For the network algorithms to process correctly all polylines must be single part polylines. Multi-part polylines are often generated during editing, especially if the original data capture had a purpose other than a topologically connected network. 

You can "explode" multi-part polylines into single parts manually or by using a Geo-processing tool

WarningExploding the multi-part polyline into it's individual parts will result in the attributes of the original polyline being passed onto all subsequent parts.  Whilst this is useful when the attribute is common to all parts (e.g. river name); node ID numbers would be incorrect. Exploding a multi-part polyline is altering the topology of the network and will influence the whole network.  You must re-run all RivEX attribution processes again!

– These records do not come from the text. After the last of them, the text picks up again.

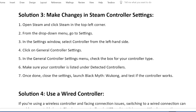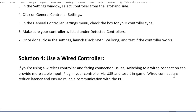Solution 3: Make changes in Steam Controller settings. Open Steam and click Steam in the top left corner. From the drop-down menu, go to Settings. In the Settings window, select Controller from the left-hand side. Click on General Controller Settings. In the General Controller Settings menu, check the box for your controller type. Make sure your controller is listed under Detected Controllers. Once done, close the settings, launch Black Myth: Wukong, and test if the controller works.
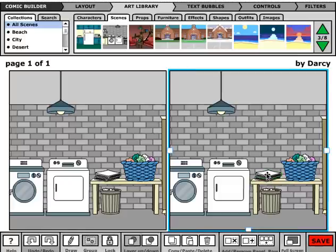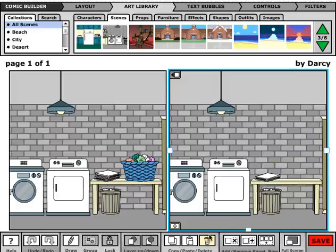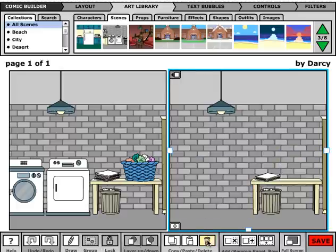To delete an object, just click on it so it's highlighted, and then hit the delete button. If you've previously grouped objects, you can delete them as a group by clicking on any one of them and hitting delete.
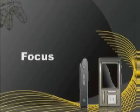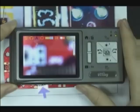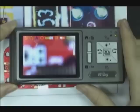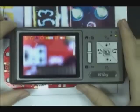Focus. Adjust the focus to make the image clear.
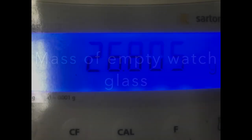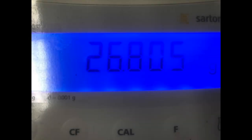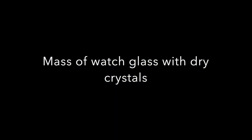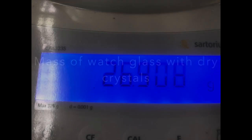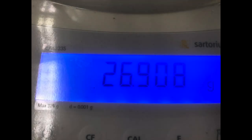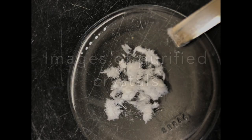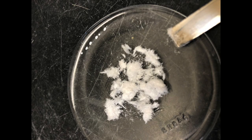We pre-weigh a clean and dry empty watch glass and then add our crystals to the watch glass and re-weigh. The purified crystals look significantly different than the precipitate of the crude product in that they look like small needles have formed.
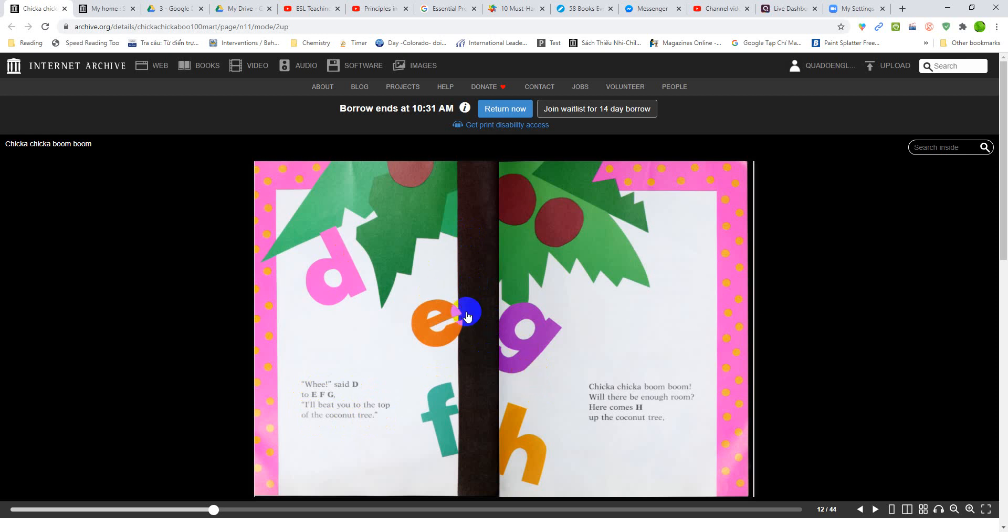So they race, right? E, F, G, and H. They race up to the top of the tree. Chica Chica Boom Boom. Will there be enough room?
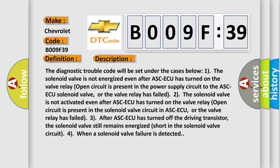Three, after ASCAQ has turned off the driving transistor, the solenoid valve still remains energized short in the solenoid valve circuit for when a solenoid valve failure is detected.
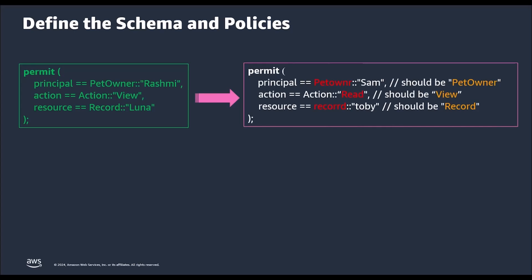As you must have realized, there are typo errors. Amazon verified permissions uses Cedar language as we learnt in the previous video. Cedar can't know whether the policy for owner Sam is right or wrong by examining it in isolation. For example, Cedar doesn't know if the policy author meant pet owner or the incorrect spelling of pet owner because both are well-formed names. If the policies were subsequently evaluated during an authorization decision, it would not match at all due to the mistakes in the policy scope.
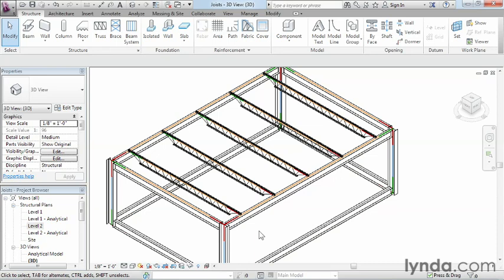Joists are used to span large distances in Revit structure and can be placed very much like beams inside of the software.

Exploding Multi-part features manually

In edit mode select a multi-part polyline and then press the Sketch Properties button (Sketch properties button)on the editor tool bar. This opens the Sketch Properties panel, now click on the Edit vertices button (Edit vertices button) to display the individual parts.  The image below shows the vertices for a 3 part polyline.

Multipart vertices

Note if this polyline was a "Z aware" feature it would show Z information. Right clicking on different parts of the sketch properties panel will display different context menus and you can use these to remove whole parts of a multi-part feature or just a single vertex.

If a multi-part polyline makes a logical flow pattern (i.e. a single channel) then turn on the advance editing tool bar from Editor > More Editing Tools > Advance Editing. Ensure your multi-part polyline is selected and press the button highlighted below.  The original polyline is removed from your dataset and replaced with all subsequent parts as single features. 

Advance editing toolbar

Exploding multi-part features using the Geo-processing tool

You can run your entire dataset and a select subset through the Geo-processing tool that will search for multi-part shapes and explode them into individual parts.  You would then check the orientation of the newly created polyline to ensure they are flowing in a downstream direction.